A Tesla spokesperson did not address the ATE connection. But via email provided this statement: “We’re working with some of the best automotive education programs in the country to educate students on electric vehicle technology and our unique approach to customer service to prepare them for a career at Tesla. Students graduate with a job opportunity, certification, and the skills necessary to succeed in the growing electric vehicle industry.”
Frala said Tesla’s certification program fits well with the hybrid/electric vehicle/fuel-cell technology associate of science degree program that he developed with his first ATE grant (Award #1501735). He is a co-principal investigator on a current grant for the Northwest Engineering and Vehicle Technology Exchange (NEVTEX) (Award # 1700708) that is led by Ken Mays, program director and professor of automotive technology at Central Oregon Community College in Bend, OR.
The NEVTEX project aims to develop national education standards for technicians of electric-drive vehicles. This month the project’s leaders are convening a meeting with auto industry representatives to draft the standards that will emphasize safety. Mays and Frala plan to have 20 colleges and industry locations begin testing the technician standards in 2019.
The two automotive technology educators met in 2014 when they received mentoring and technical guidance from Mentor-Connect, an ATE project that helps community college faculty prepare competitive ATE proposals.
“When you get to be part of the NSF family, things come your way,” Mays said.
Frala said that since Mentor-Connect, his program has grown and he has had numerous career opportunities “beyond my wildest dreams.”

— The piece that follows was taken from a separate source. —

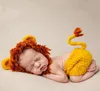 Baby Crochet Pography Rekwizyty Strzelaj noworodka po fajne kostiumy czapki niemowlęta i spodnie Zestaw odzieży miękki Lew noworodek Y20104581862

For the groundbreaking degree program that he developed with ATE support Frala was a finalist for the 2018 Faculty Innovation Award from the American Association of Community Colleges and received the 2016 Clean Air Award in the Education and Outreach category from the South Coast Air Quality Management District. He has also participated on California Governor Jerry Brown’s Green Team, an advisory group for the California Hydrogen Highway and its hydrogen refueling stations.
Other career opportunities include speaking engagements. During a keynote address in March at a conference attended by 205 guidance counselors Frala explained that automotive technology “is not grimy as in the past.” He also emphasized that new technologies have raised employers’ expectations. Automotive technicians now need to know physics, chemistry, and math. They must also be able to communicate well with customers and work teammates.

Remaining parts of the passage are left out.